O Brasil, por sua vez, com um sistema financeiro saudável, contas públicas em ordem, comércio exterior diversificado e efetiva vocação para o multilateralismo, se coloca em boa posição para aceder ao cenário pós-crise com renovado protagonismo.
O elogio público de Obama a Lula, além de um reconhecimento da posição atual do nosso país no mundo, talvez tenha sido também uma reverência premonitória a uma nova liderança que se consolidará cada vez mais.
No quadro desse complexo jogo da "realpolitik" mundial, os resultados da reunião de Londres podem soar utópicos. Contudo, são compromissos imprescindíveis.

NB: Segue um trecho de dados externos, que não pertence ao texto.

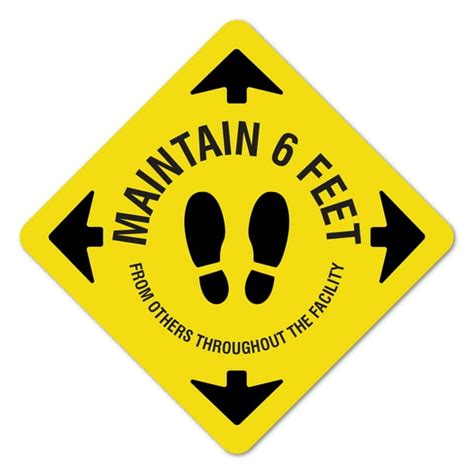 Maintain 6 Feet Non Slip Floor Graphic Vinyl Decal Made In The Usa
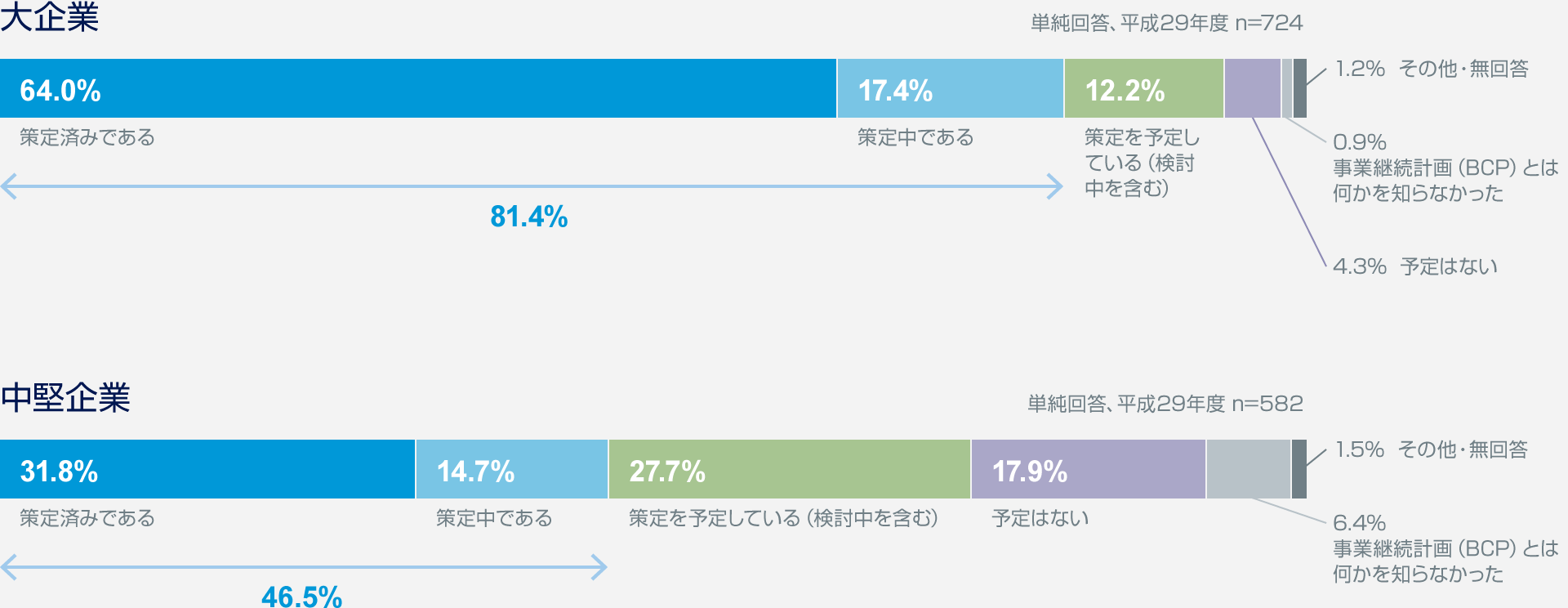 グラフ：内閣府平成29年度企業の事業継続及び防災の取組に関する実態調査
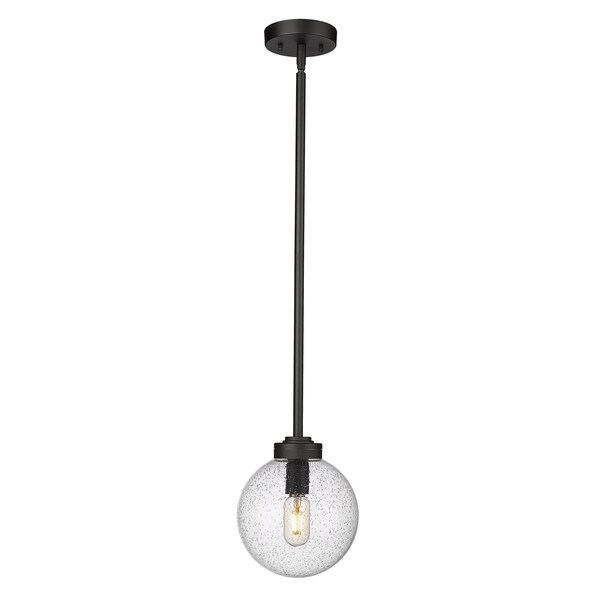 Z-Lite Laurent Outdoor Pendant, 1-Light, 8 In.W x 9 In.H, Black/Clear Seedy 599P8-BK - main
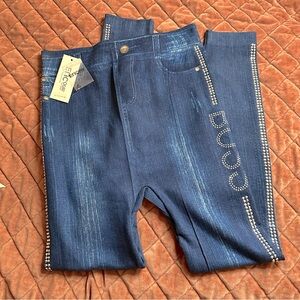 NWT Blue Embellished Leggings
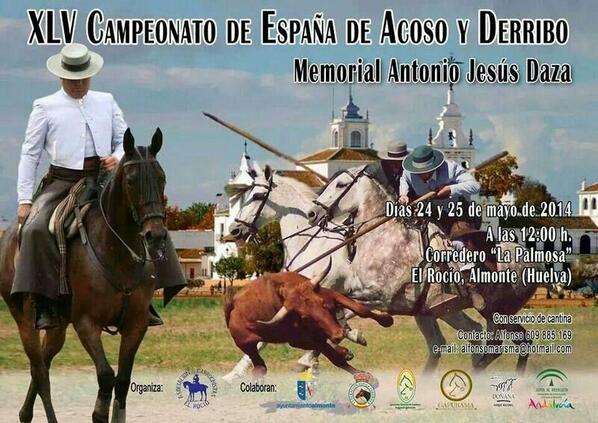 GanaderiaMPG's tweet photo. XLV Campeonato de España de Acoso y Derribo días 24 y 25 de mayo en el corredero de La Palmosa (El Rocio). http://t.co/4zi82Iuzwc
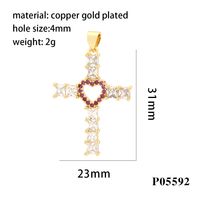 One Piece Dropshipping Creative Micro Inlaid Color Zirconium Cross Hollowed Heart Shape Pendant Diy Color Retention Plated 18K Karat Gold Jewelry Accessories sku image 2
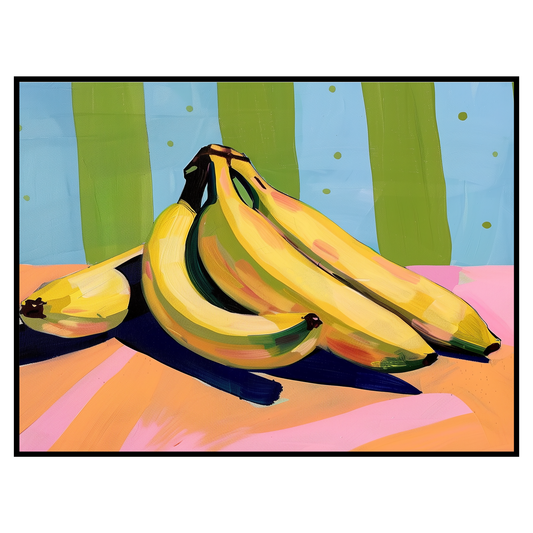 Vibrant Banana Art Print - Colorful Kitchen Wall Art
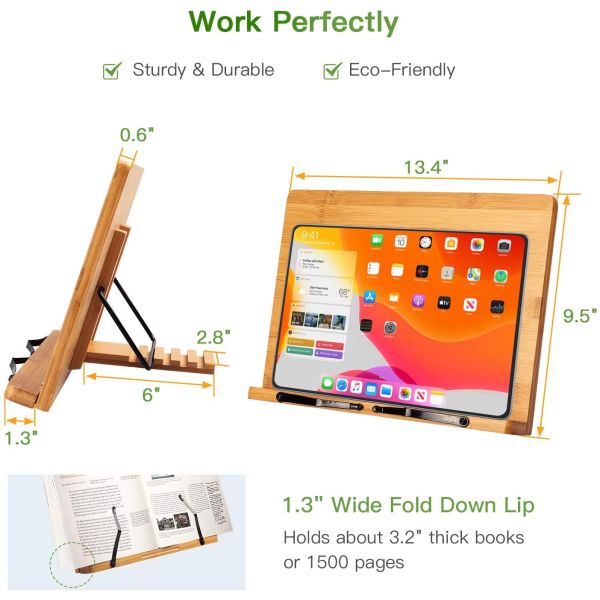 Bamboo Book Stand Cookbook Holder Desk Reading Foldable and Portable Kitchen Wooden Cooking Bookstand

Os líderes compreenderam que o custo do fracasso da reunião seria muito maior que quaisquer sacrifícios que compromissos multilaterais efetivos poderiam acarretar. O G20 percebeu que estamos todos no mesmo buraco e que a primeira coisa a fazer é parar de cavar com a pá do protecionismo e do isolacionismo. Não haverá "soluções nacionais" para a crise mundial. Na crise de 1929, as "soluções nacionais" conduziram a mais crise, à xenofobia e aos regimes autoritários que desembocaram na Segunda Guerra Mundial.
Bertrand Russel, um inglês profundamente comprometido com a paz e o progresso mundiais, afirmou certa vez: "Tem-se dito que o homem é um animal racional. Toda a minha vida busquei evidências que embasassem essa afirmação".
Da sua querida Londres surgiu uma pequena evidência do que ele tanto buscou. Obama, representando um EUA mais alinhado com o multilateralismo, foi decisivo. E o "cara", representando a nova força do Brasil, ajudou. Muito.

ALOIZIO MERCADANTE, 54, economista e professor licenciado da PUC-SP e da Unicamp, é senador da República pelo PT-SP.